Edwards is locked into a tight race for the Democratic nomination with Rep. Chris Van Hollen (D-Md.) for the April 26 primary. Millennials, Americans that are 18-34 years old, are expected to play a key role in the 2016 election, across all races, including the presidency and both houses of Congress.
The voting strength of millennials has made a difference in recent elections. In 2012, the millennial turnout was 45 percent and much of that vote went to President Obama and Democratic candidates, according to statistics from the Center for Information & Research on Civic Learning and Engagement.
However, in 2014, roughly only 20 percent of millennials voted in the November general election that produced stronger Republican majorities in the U.S. Congress and in some gubernatorial contests in Maryland and Illinois, normally Democratic strongholds. The Baltimore and Washington, D.C. suburbs have large populations of millennials and Edwards and Van Hollen are campaigning for those votes.

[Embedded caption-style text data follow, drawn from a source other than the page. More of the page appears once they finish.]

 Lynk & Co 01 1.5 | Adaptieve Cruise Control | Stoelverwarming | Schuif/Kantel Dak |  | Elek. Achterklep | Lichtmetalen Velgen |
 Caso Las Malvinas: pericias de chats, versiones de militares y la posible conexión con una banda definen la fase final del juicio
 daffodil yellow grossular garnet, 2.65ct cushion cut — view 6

Edwards said that BLM’s job is to drive policy makers to make the change that they want. She encouraged the young people not to become cynical about the political process. “If you listen to the Washington political establishment, they will tell you that the work of BLM can’t be done,” she said. “Despite that talk, you must be fearless as you carry on your work especially when you are dealing with law enforcement.”
Edwards talked briefly about her 27-year-old son, Jared Edwards, and the fears that she has when he is driving. She told him that when pulled over by a police officer to keep his hands on the steering wheel, don’t reach into the glove compartment for driving documents until the officer tells you to do so and be respectful.

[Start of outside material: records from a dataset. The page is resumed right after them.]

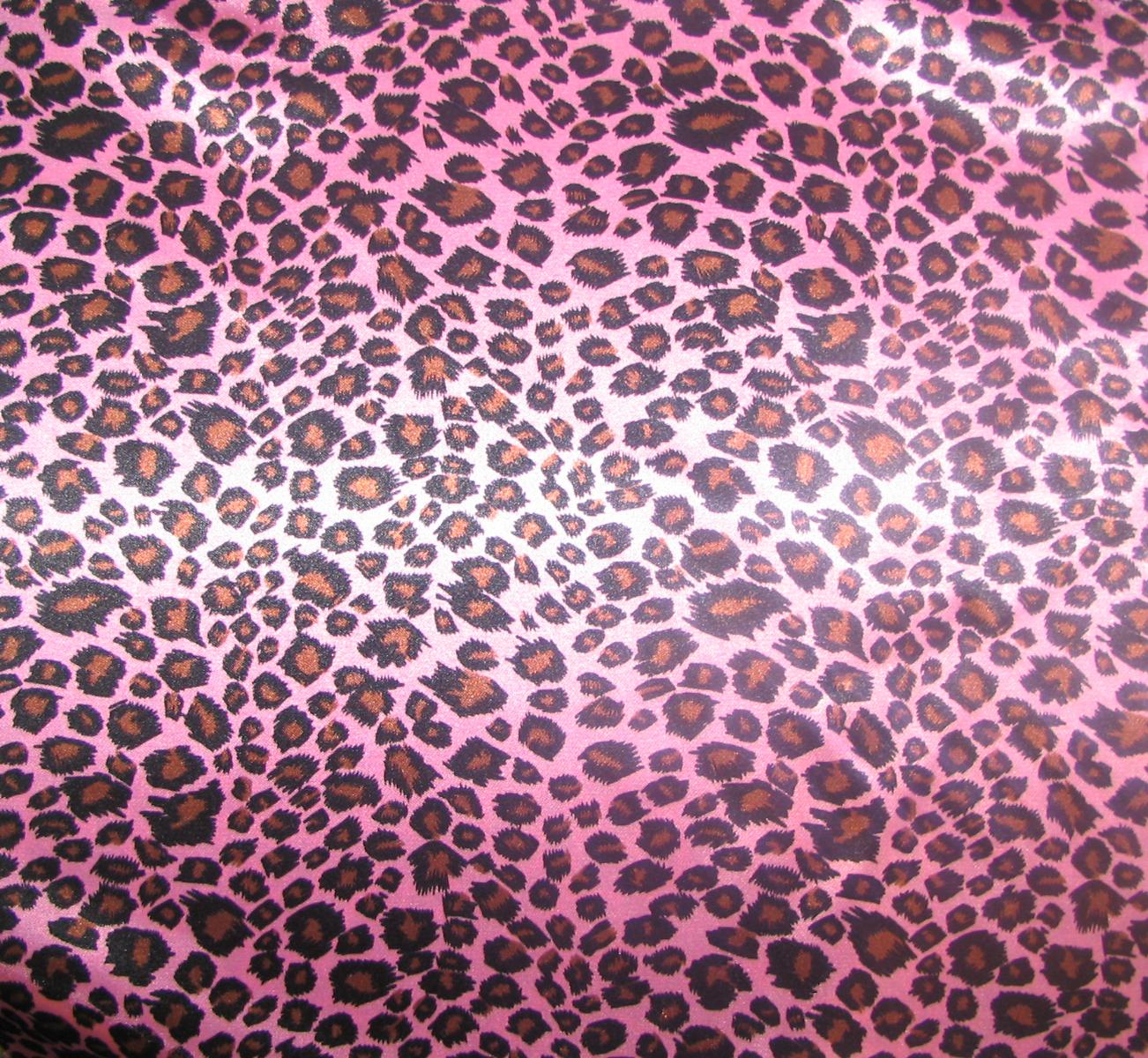 Pink Leopard iPhone Wallpaper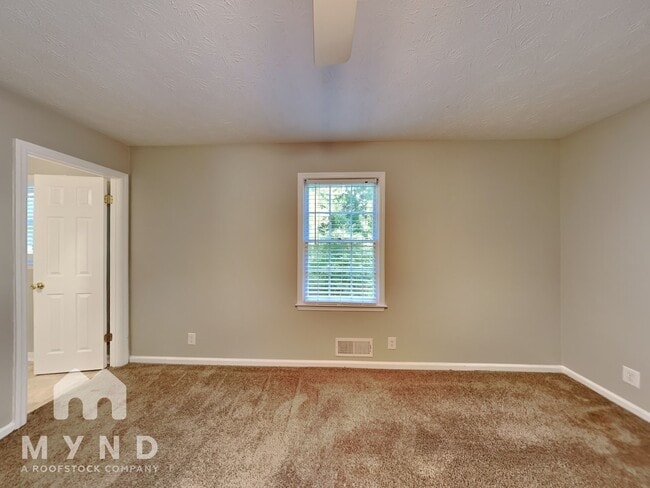 Building Photo - 2475 Suncrest Ct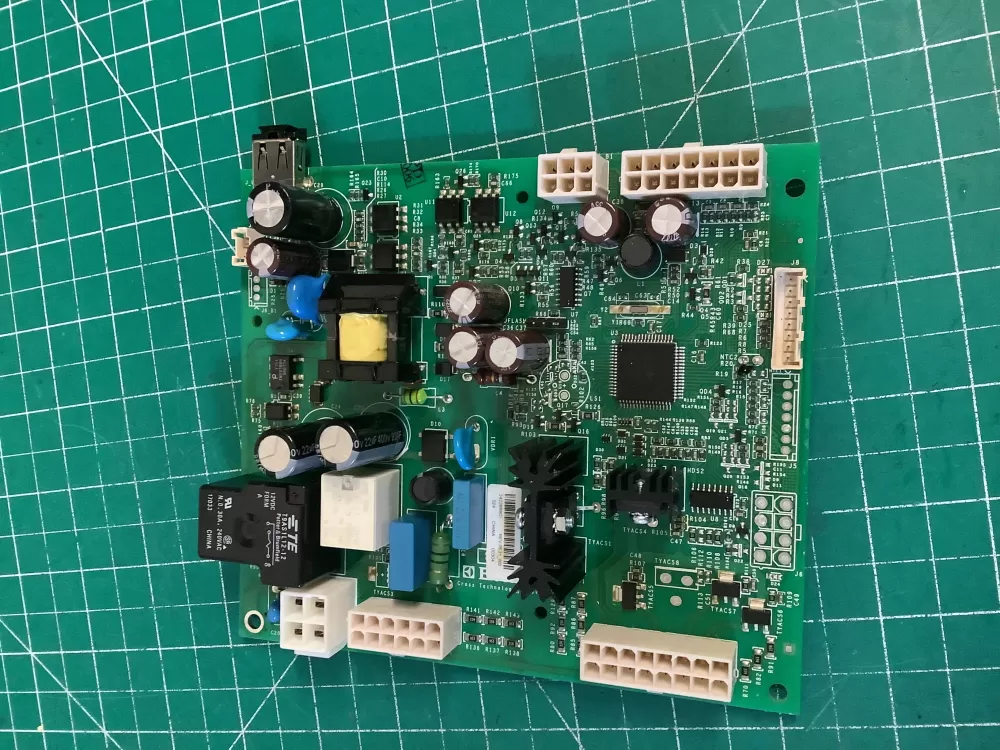 Frigidaire 5304497976 Refrigerator Main Control Board AZ227045 | NR1926
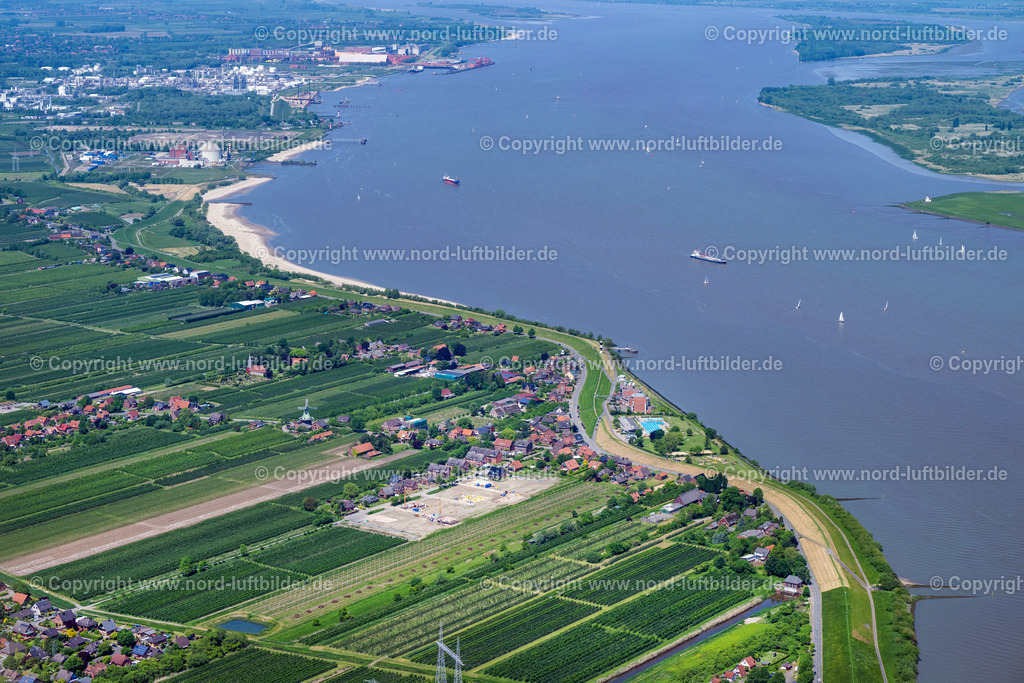 Twielenfleth_ELS_7470280523 | HOLLERN-TWIELENFLETH 28.05.2023 Sandstrand- Landschaft entlang des Ufer- Flußverlaufes " der Elbe " in Hollern-Twielenfleth im Bundesland Niedersachsen, Deutschland. // Sandy beach landscape along the banks of the river " of the River Elbe " in Hollern-Twielenfleth in the state Lower Saxony, Germany. Foto: Martin Elsen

Nevertheless, she said, “law enforcement has to be respectful in our community” too.
Edwards said that BLM has elevated the country’s conversation on race and racism. “That’s good because even the presidential candidates are paying attention to those types of issues because of BLM,” she said.
Edwards has long been an opponent of easy access to guns and earlier this year took the NRA to task for its reluctance to embrace universal background checks for firearm purchases. “We need to challenge the NRA to get guns off of our streets,” she said. “Baltimore has lost more than 300 lives to gun violence.”

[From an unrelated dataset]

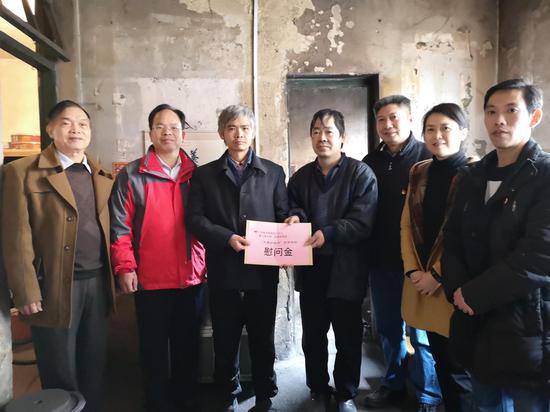 第三党支部慰问衡阳北社区困难群众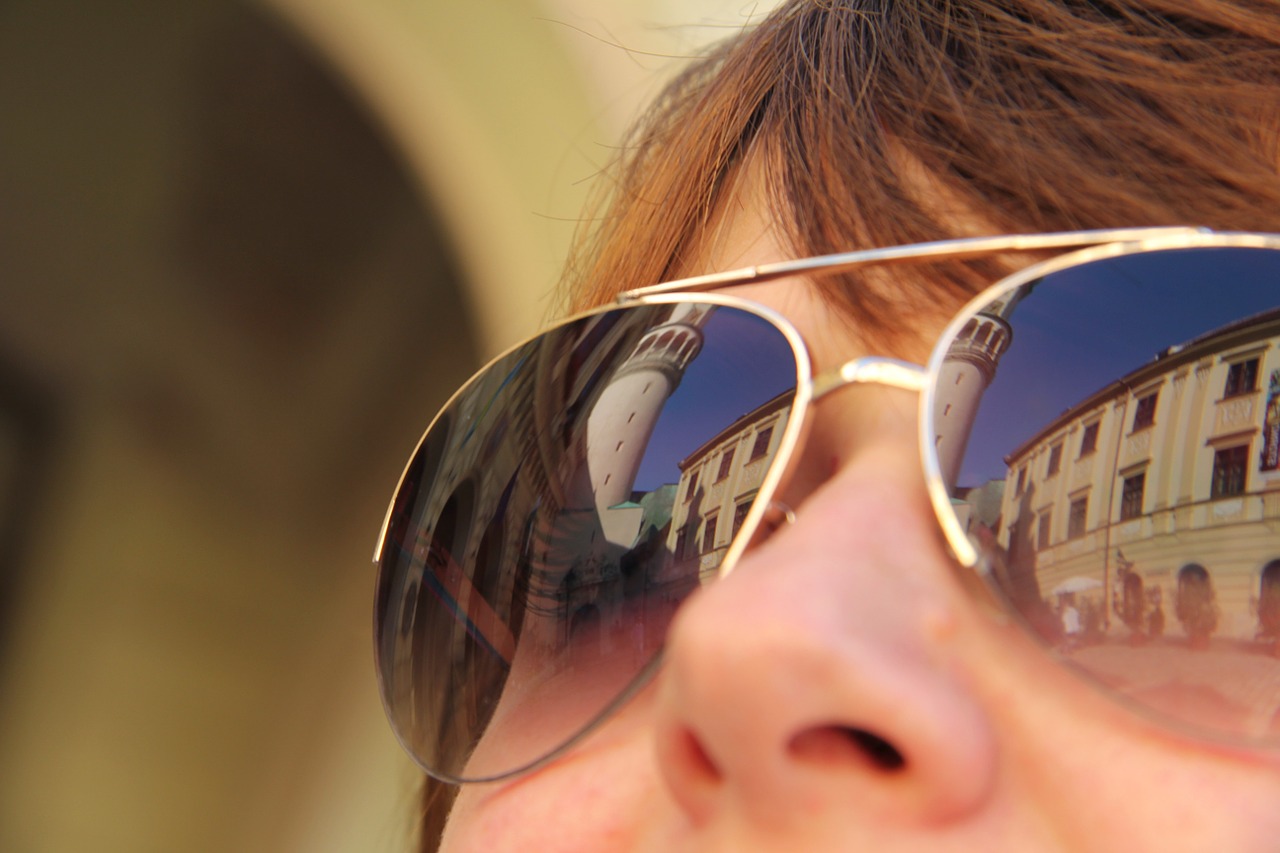 Okulary przeciwsłoneczne – jakie są ich główne zalety?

She made an indirect reference to the San Bernardino, Calif., killings by saying that in the Black community “they don’t die 14 at a time they die one at a time.”
Kouri Marshall, the executive director of Democratic Gain, said that the representative’s speech made a lot of sense. “Those of us in this room have done the right things, gone to high school, gone to college, and got a degree,” Marshall said. “But it doesn’t matter how educated and committed we are, we are still subject to police brutality and that is why we proudly proclaim that Black lives matter.”
In other news, Edwards recently picked up the endorsement of three members of the Congressional Black Caucus. U.S. Reps. Hank Johnson (D-Ga.), Robin Kelly (D-Ill.) and Lacy Clay (D-Mo.) support her Senate bid. “I am thrilled to receive the endorsement of these three leaders and members of the Congressional Black Caucus,” Edwards said. “These members embody the fighting spirit of my campaign and I look forward to continuing our work together.”